The Holy See has loaded the brethren and sisters of the Third Order with many spiritual favors, and has granted them many privileges and indulgences, and has given to them a participation in all the merits which are gained in the other two Orders. What is singular is, that shortly after its institution, congregations of Tertiaries were formed, in which they lived in community of property, making the three vows of poverty, chastity, and obedience, and practicing the works of mercy; and that the Sovereign Pontiff raised them to a religious body.
Thus, besides the secular Third Order, there is now a religious one, of both sexes, which Pope Leo X confirmed and extended by his Bull, dated 28th of January, 1521, in which he abridged the rule and adapted it to the observances of the religious state. St. Elizabeth of Hungary, being a widow, joined the three vows of religion to the profession of the Third Order of St. Francis, three years after the death of the blessed Patriarch, which makes her to be justly considered as the mother of the religious of both sexes of the Third Order, since she was the first Tertiary who took these solemn vows.
Lucchesio and his wife, who were the first Tertiaries whom St. Francis received, acquired by the exercise of prayer and good works, a holiness which God honored by many miracles during their life and after their death; but the wife was sanctified by the husband. Although she had embraced, after his example, the state of piety, she continued to disapprove the great donations of alms which he made, and to prevent them as much as was in her power, in consequence of that spirit of avarice and self-interest, which constantly induces such tempers to fear that they shall come to want.

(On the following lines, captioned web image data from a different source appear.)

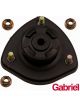 Gabriel Strut Mount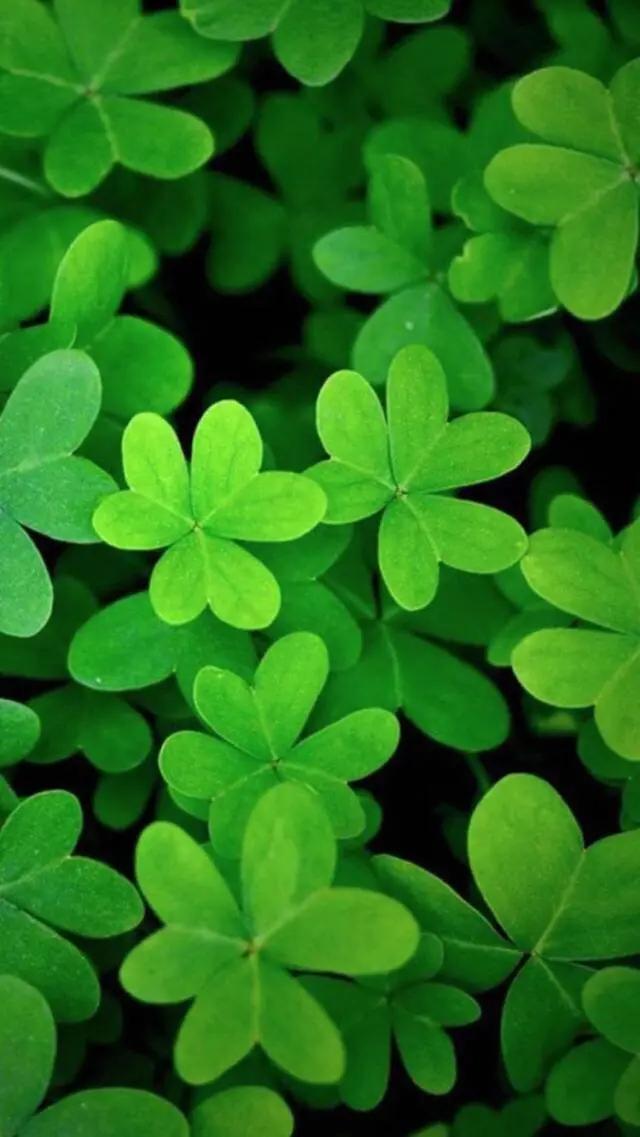 白岩松经典语录昨天比今天好 (白岩松经典语录最难的事终会过去)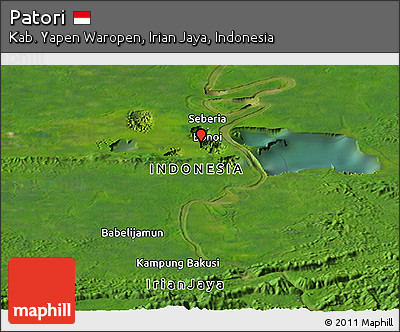Satellite Panoramic Map of Patori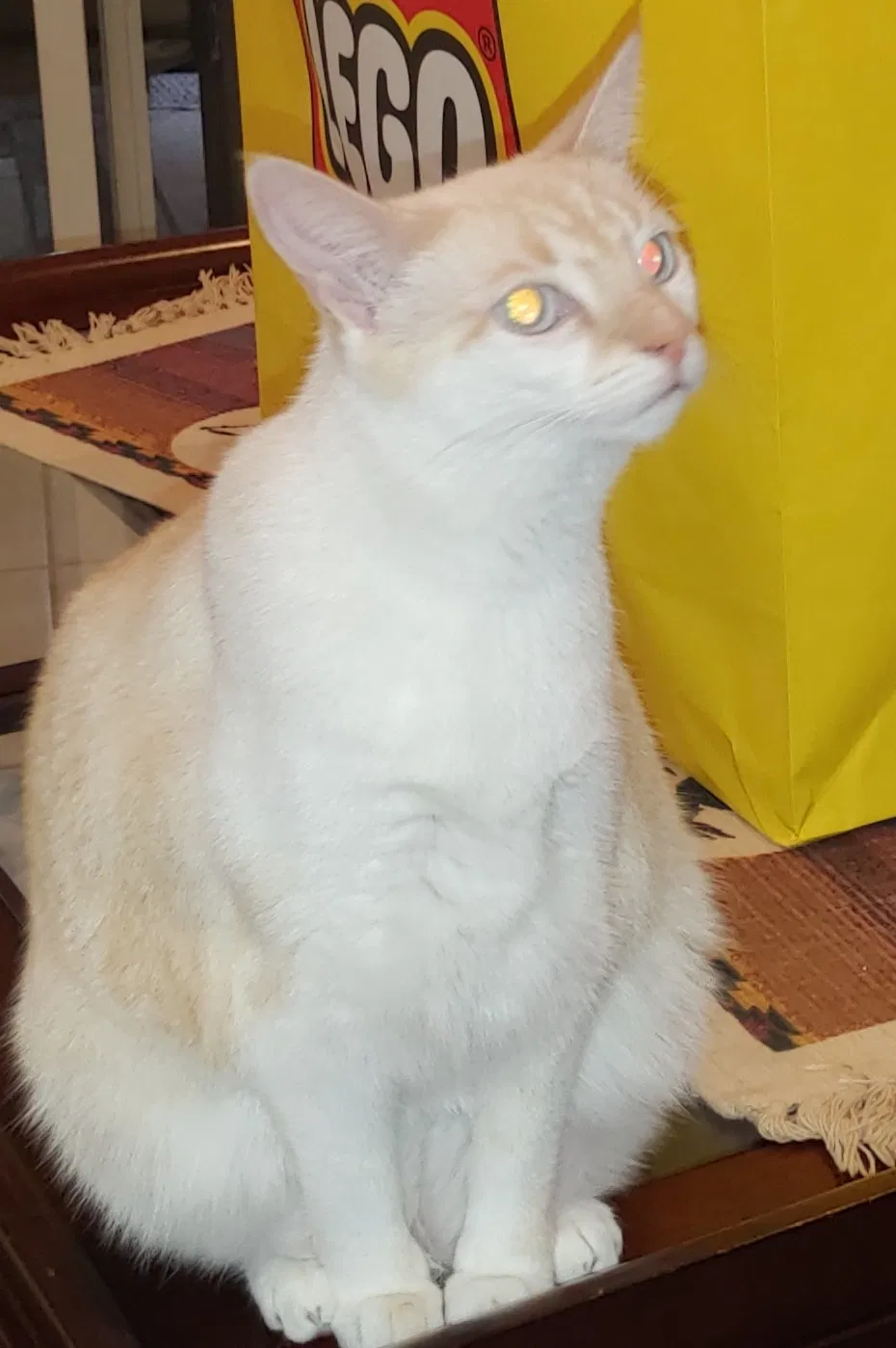 Lost cat in Unknown, FL, 333445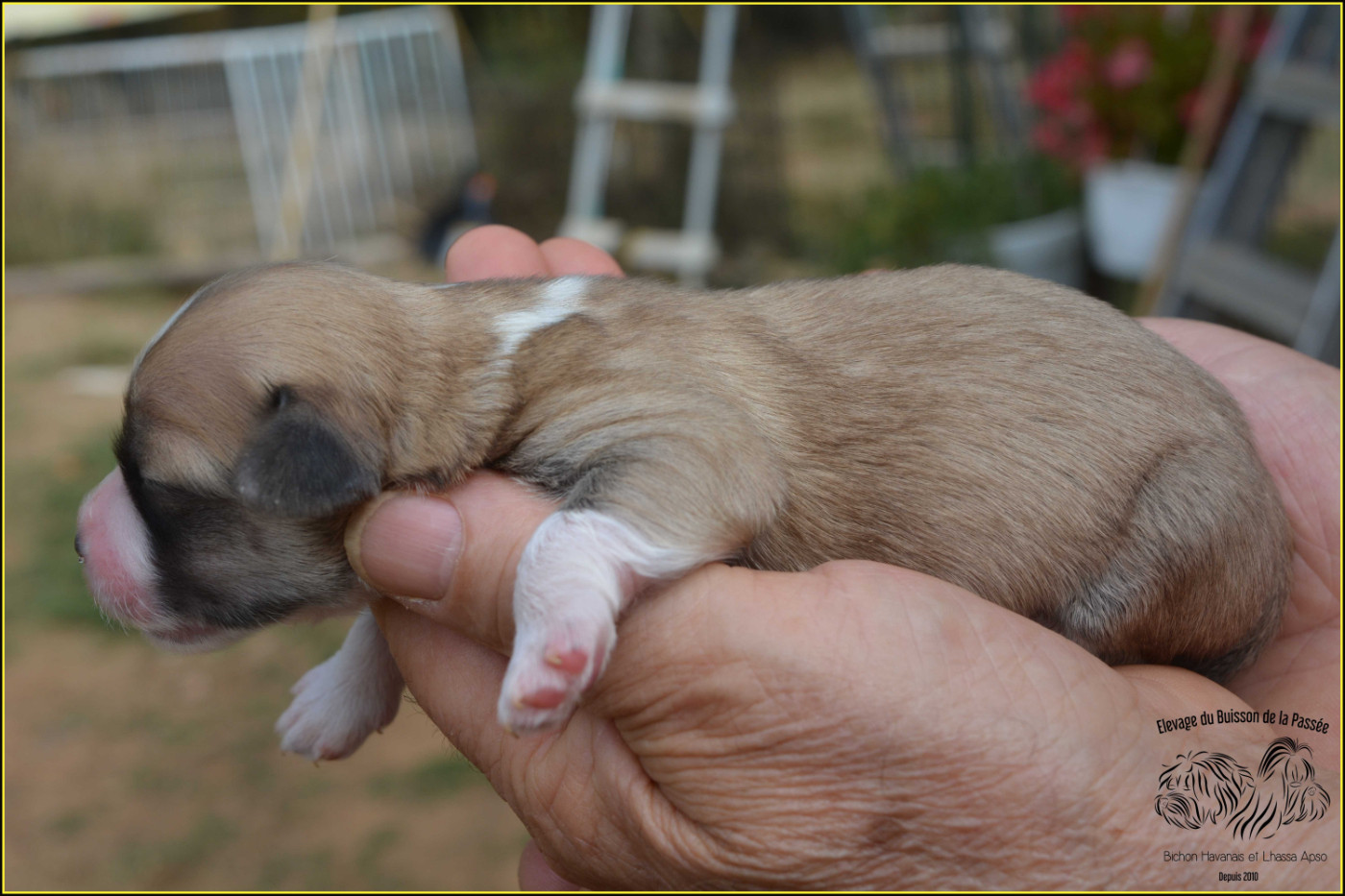 Du Buisson De La Passée - Chiots disponibles - Bichon Havanais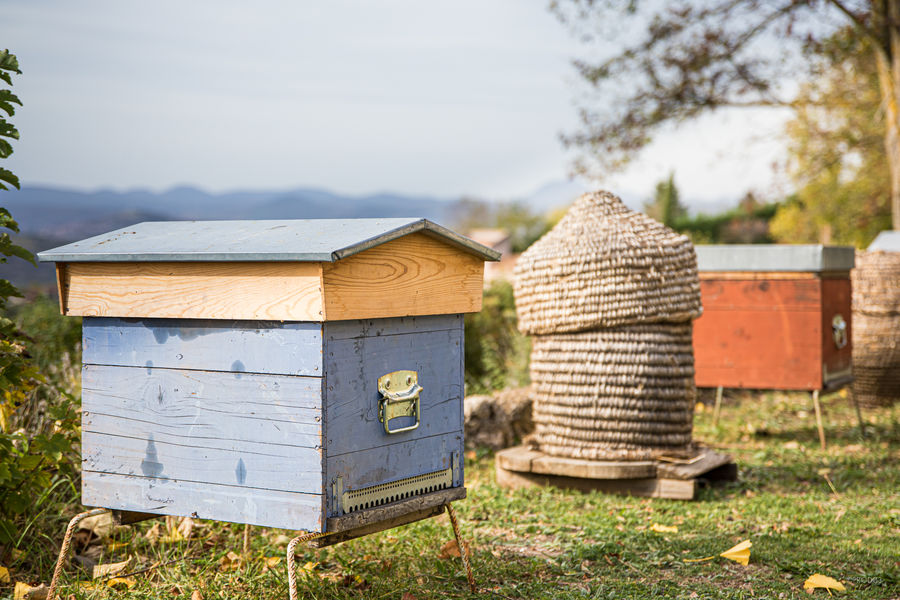 Les ruchers du bon berger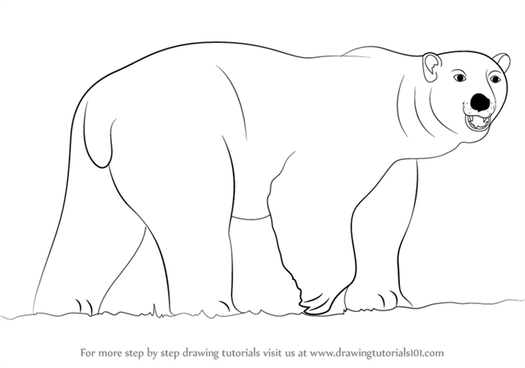 Free Tutorials POLAR BEAR Animal Art by LAW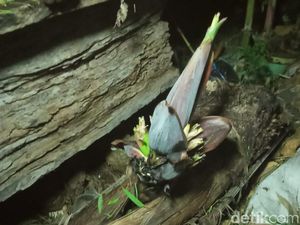 Pohon Pisang di Lamongan yang Telah Lama Mati Ini Malah Berbuah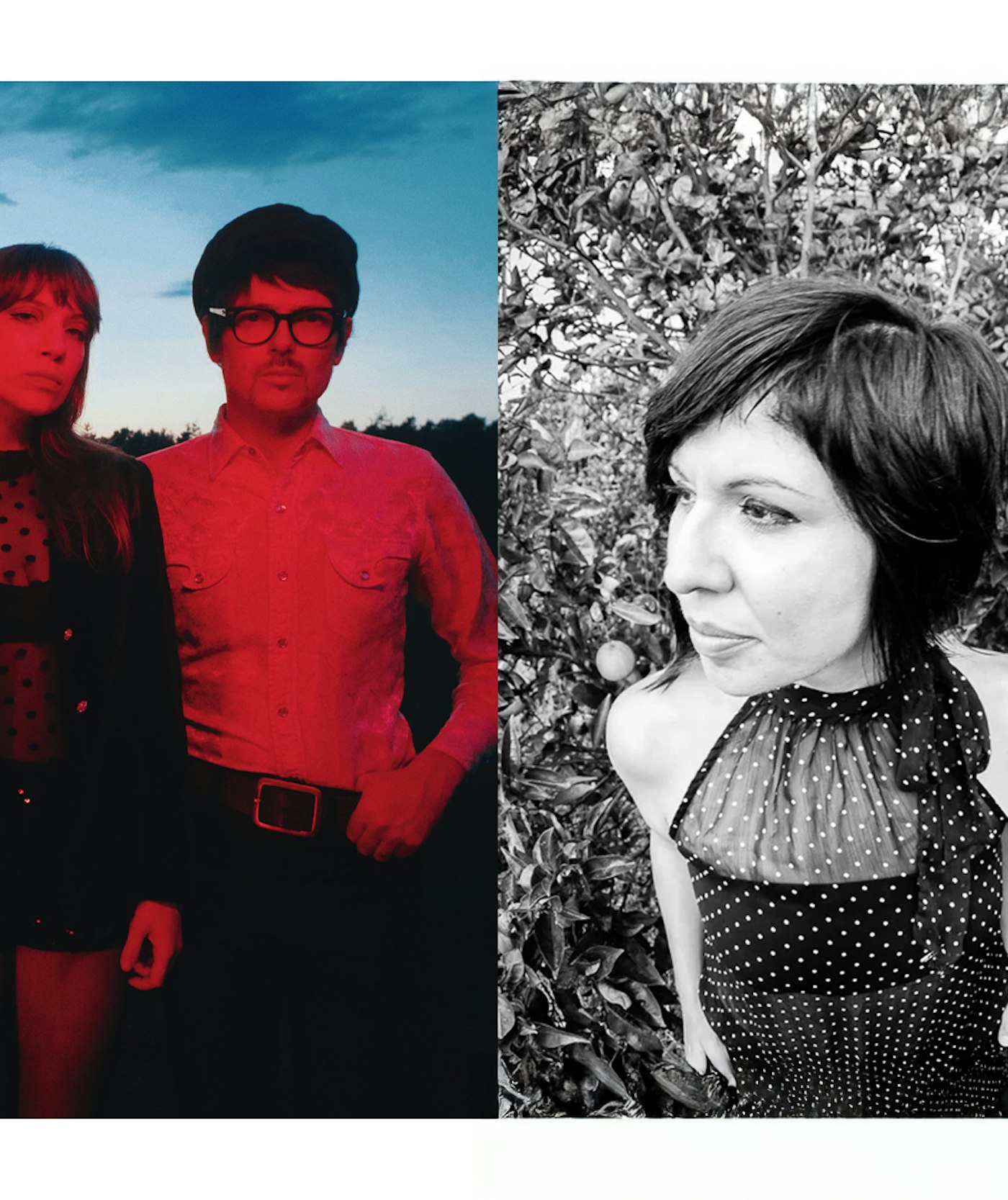 Webheader suzan phonics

One day, Lucchesio having given all the bread that was in his house to the poor, he begged his wife to give something to others who followed. She flew into a passion, like the wife of Tobias; and having reproached him with the care he took of strangers to the prejudice of those of his own household, she said that it was quite plain that his fasts and watchings had disordered his brain. The husband, as patient as he was charitable, was not irritated by these reproaches, but quietly requested his wife to look into the place where the bread was kept, thinking of Him, who by His power had satiated several thousand persons with a few loaves and fishes. She did so, and found a large quantity of fresh bread, sufficient to supply the wants of all the poor.
This miracle had such an effect upon her, that from that time forward, he had no occasion to exhort her to the performance of works of mercy; both husband and wife gave themselves up to them with emulation, and devoted themselves to them until their deaths. The husband’s charity shows us that almsgiving does not impoverish; but that, on the contrary, God increases, even sometimes by miracles, the property of such as give liberally; and the conversion of Lucchesio’s wife shows that the spirit of interest and avarice, covered by pretense of economy, renders piety false and deceitful.